GIVEN RECORDS:
- - - - - - -

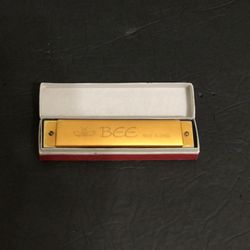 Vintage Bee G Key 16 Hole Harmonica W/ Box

- - - - - - -

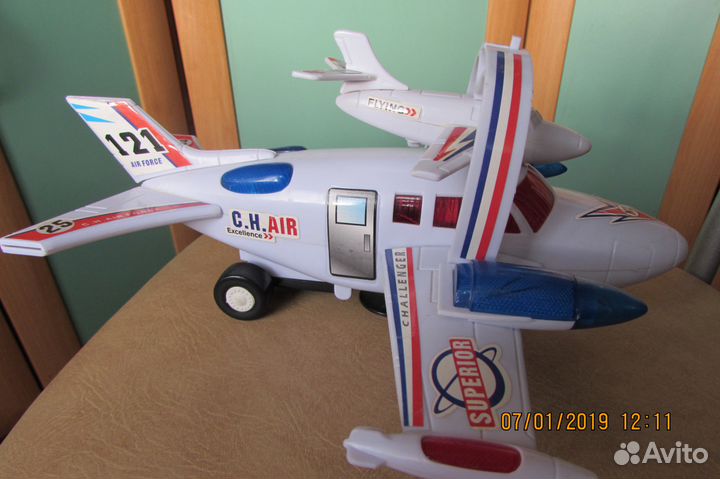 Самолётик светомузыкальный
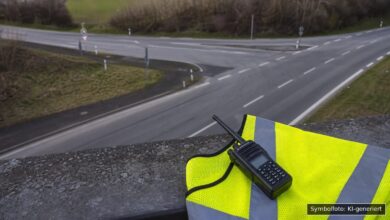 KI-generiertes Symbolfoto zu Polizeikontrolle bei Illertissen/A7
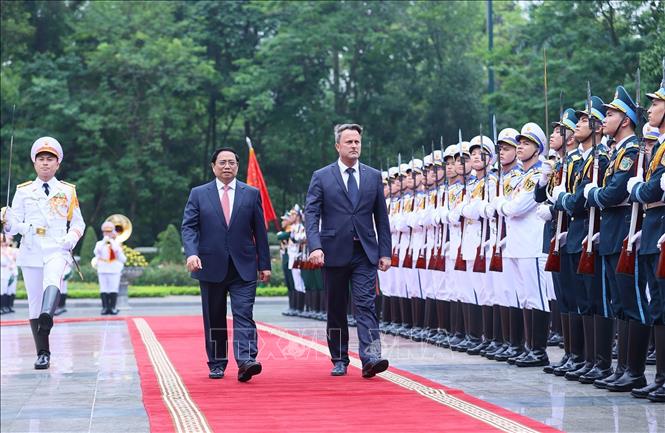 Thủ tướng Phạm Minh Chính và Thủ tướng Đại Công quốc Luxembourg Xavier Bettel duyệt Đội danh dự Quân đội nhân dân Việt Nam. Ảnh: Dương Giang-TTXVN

- - - - - - -

TASK REQUIREMENTS: Repeat exactly the lines above, beginning at the one containing "KI-generiertes Symbolfoto zu" and ending at the one containing "Thủ tướng Phạm". Do not carry over any pictures.

OUTPUT FOR THIS TASK:
 KI-generiertes Symbolfoto zu Polizeikontrolle bei Illertissen/A7
 Thủ tướng Phạm Minh Chính và Thủ tướng Đại Công quốc Luxembourg Xavier Bettel duyệt Đội danh dự Quân đội nhân dân Việt Nam. Ảnh: Dương Giang-TTXVN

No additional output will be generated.